» **INPUT FOR THIS TASK**:

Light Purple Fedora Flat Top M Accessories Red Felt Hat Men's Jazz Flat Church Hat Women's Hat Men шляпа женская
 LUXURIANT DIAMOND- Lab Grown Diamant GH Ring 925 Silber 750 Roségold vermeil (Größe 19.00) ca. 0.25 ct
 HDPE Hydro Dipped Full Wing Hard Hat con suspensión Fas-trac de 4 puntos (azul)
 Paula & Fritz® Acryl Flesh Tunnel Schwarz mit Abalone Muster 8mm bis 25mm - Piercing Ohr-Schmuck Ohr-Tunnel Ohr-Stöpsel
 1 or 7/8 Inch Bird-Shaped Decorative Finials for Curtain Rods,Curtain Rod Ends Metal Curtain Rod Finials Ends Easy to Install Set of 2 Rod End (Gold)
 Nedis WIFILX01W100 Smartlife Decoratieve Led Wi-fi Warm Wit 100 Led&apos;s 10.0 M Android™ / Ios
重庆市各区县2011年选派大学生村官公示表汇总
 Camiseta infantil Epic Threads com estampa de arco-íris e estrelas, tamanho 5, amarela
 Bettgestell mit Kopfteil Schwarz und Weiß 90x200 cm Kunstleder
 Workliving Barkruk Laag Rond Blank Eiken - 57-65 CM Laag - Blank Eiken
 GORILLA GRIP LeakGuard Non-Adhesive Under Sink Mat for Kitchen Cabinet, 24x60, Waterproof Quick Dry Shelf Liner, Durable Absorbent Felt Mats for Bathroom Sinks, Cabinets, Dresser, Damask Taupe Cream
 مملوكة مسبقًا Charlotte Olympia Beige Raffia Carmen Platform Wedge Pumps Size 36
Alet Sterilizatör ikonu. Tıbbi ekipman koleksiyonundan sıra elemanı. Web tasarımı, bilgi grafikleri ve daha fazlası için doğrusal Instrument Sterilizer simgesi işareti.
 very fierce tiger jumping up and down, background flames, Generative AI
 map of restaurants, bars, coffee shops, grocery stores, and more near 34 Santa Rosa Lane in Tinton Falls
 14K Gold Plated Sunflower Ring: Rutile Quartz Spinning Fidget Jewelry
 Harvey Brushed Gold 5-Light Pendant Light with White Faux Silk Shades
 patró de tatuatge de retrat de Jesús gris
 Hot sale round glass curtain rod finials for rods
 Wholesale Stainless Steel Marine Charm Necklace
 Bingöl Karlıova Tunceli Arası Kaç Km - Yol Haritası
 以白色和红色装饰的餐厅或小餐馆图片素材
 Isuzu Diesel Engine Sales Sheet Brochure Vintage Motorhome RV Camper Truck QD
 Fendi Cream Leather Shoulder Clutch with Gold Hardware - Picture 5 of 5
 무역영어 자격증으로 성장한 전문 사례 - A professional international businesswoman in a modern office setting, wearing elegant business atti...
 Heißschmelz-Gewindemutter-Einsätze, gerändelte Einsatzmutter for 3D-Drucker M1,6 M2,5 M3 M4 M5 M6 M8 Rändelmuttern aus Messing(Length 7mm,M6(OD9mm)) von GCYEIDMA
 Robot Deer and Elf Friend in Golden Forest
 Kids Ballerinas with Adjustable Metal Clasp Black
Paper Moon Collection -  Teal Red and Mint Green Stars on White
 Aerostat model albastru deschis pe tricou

» **WHAT THE EXERCISE ASKS**: The whole listing above needs to be written out again exactly.

» **EXERCISE RESPONSE**:
Light Purple Fedora Flat Top M Accessories Red Felt Hat Men's Jazz Flat Church Hat Women's Hat Men шляпа женская
 LUXURIANT DIAMOND- Lab Grown Diamant GH Ring 925 Silber 750 Roségold vermeil (Größe 19.00) ca. 0.25 ct
 HDPE Hydro Dipped Full Wing Hard Hat con suspensión Fas-trac de 4 puntos (azul)
 Paula & Fritz® Acryl Flesh Tunnel Schwarz mit Abalone Muster 8mm bis 25mm - Piercing Ohr-Schmuck Ohr-Tunnel Ohr-Stöpsel
 1 or 7/8 Inch Bird-Shaped Decorative Finials for Curtain Rods,Curtain Rod Ends Metal Curtain Rod Finials Ends Easy to Install Set of 2 Rod End (Gold)
 Nedis WIFILX01W100 Smartlife Decoratieve Led Wi-fi Warm Wit 100 Led&apos;s 10.0 M Android™ / Ios
重庆市各区县2011年选派大学生村官公示表汇总
 Camiseta infantil Epic Threads com estampa de arco-íris e estrelas, tamanho 5, amarela
 Bettgestell mit Kopfteil Schwarz und Weiß 90x200 cm Kunstleder
 Workliving Barkruk Laag Rond Blank Eiken - 57-65 CM Laag - Blank Eiken
 GORILLA GRIP LeakGuard Non-Adhesive Under Sink Mat for Kitchen Cabinet, 24x60, Waterproof Quick Dry Shelf Liner, Durable Absorbent Felt Mats for Bathroom Sinks, Cabinets, Dresser, Damask Taupe Cream
 مملوكة مسبقًا Charlotte Olympia Beige Raffia Carmen Platform Wedge Pumps Size 36
Alet Sterilizatör ikonu. Tıbbi ekipman koleksiyonundan sıra elemanı. Web tasarımı, bilgi grafikleri ve daha fazlası için doğrusal Instrument Sterilizer simgesi işareti.
 very fierce tiger jumping up and down, background flames, Generative AI
 map of restaurants, bars, coffee shops, grocery stores, and more near 34 Santa Rosa Lane in Tinton Falls
 14K Gold Plated Sunflower Ring: Rutile Quartz Spinning Fidget Jewelry
 Harvey Brushed Gold 5-Light Pendant Light with White Faux Silk Shades
 patró de tatuatge de retrat de Jesús gris
 Hot sale round glass curtain rod finials for rods
 Wholesale Stainless Steel Marine Charm Necklace
 Bingöl Karlıova Tunceli Arası Kaç Km - Yol Haritası
 以白色和红色装饰的餐厅或小餐馆图片素材
 Isuzu Diesel Engine Sales Sheet Brochure Vintage Motorhome RV Camper Truck QD
 Fendi Cream Leather Shoulder Clutch with Gold Hardware - Picture 5 of 5
 무역영어 자격증으로 성장한 전문 사례 - A professional international businesswoman in a modern office setting, wearing elegant business atti...
 Heißschmelz-Gewindemutter-Einsätze, gerändelte Einsatzmutter for 3D-Drucker M1,6 M2,5 M3 M4 M5 M6 M8 Rändelmuttern aus Messing(Length 7mm,M6(OD9mm)) von GCYEIDMA
 Robot Deer and Elf Friend in Golden Forest
 Kids Ballerinas with Adjustable Metal Clasp Black
Paper Moon Collection -  Teal Red and Mint Green Stars on White
 Aerostat model albastru deschis pe tricou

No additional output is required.